Problem requirements:
Give back every line of the data, transcribed exactly.

::::

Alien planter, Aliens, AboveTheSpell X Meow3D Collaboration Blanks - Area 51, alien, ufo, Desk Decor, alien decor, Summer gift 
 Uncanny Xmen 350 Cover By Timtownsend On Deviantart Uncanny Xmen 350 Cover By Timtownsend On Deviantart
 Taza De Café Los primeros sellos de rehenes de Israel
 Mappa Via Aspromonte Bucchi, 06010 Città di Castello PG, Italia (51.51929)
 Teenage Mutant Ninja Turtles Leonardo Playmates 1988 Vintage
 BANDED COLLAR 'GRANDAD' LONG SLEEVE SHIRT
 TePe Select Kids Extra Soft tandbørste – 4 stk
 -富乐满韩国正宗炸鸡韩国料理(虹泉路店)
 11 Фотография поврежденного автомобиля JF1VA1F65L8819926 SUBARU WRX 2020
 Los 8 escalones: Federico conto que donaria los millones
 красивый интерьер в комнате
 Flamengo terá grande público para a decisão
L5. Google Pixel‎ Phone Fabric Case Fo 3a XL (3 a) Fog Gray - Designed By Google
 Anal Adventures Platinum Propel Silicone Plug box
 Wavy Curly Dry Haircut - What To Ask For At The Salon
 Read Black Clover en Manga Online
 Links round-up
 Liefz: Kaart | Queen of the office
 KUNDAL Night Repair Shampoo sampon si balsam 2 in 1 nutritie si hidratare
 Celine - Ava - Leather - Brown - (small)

::::

Result of the exercise:
Alien planter, Aliens, AboveTheSpell X Meow3D Collaboration Blanks - Area 51, alien, ufo, Desk Decor, alien decor, Summer gift 
 Uncanny Xmen 350 Cover By Timtownsend On Deviantart Uncanny Xmen 350 Cover By Timtownsend On Deviantart
 Taza De Café Los primeros sellos de rehenes de Israel
 Mappa Via Aspromonte Bucchi, 06010 Città di Castello PG, Italia (51.51929)
 Teenage Mutant Ninja Turtles Leonardo Playmates 1988 Vintage
 BANDED COLLAR 'GRANDAD' LONG SLEEVE SHIRT
 TePe Select Kids Extra Soft tandbørste – 4 stk
 -富乐满韩国正宗炸鸡韩国料理(虹泉路店)
 11 Фотография поврежденного автомобиля JF1VA1F65L8819926 SUBARU WRX 2020
 Los 8 escalones: Federico conto que donaria los millones
 красивый интерьер в комнате
 Flamengo terá grande público para a decisão
L5. Google Pixel‎ Phone Fabric Case Fo 3a XL (3 a) Fog Gray - Designed By Google
 Anal Adventures Platinum Propel Silicone Plug box
 Wavy Curly Dry Haircut - What To Ask For At The Salon
 Read Black Clover en Manga Online
 Links round-up
 Liefz: Kaart | Queen of the office
 KUNDAL Night Repair Shampoo sampon si balsam 2 in 1 nutritie si hidratare
 Celine - Ava - Leather - Brown - (small)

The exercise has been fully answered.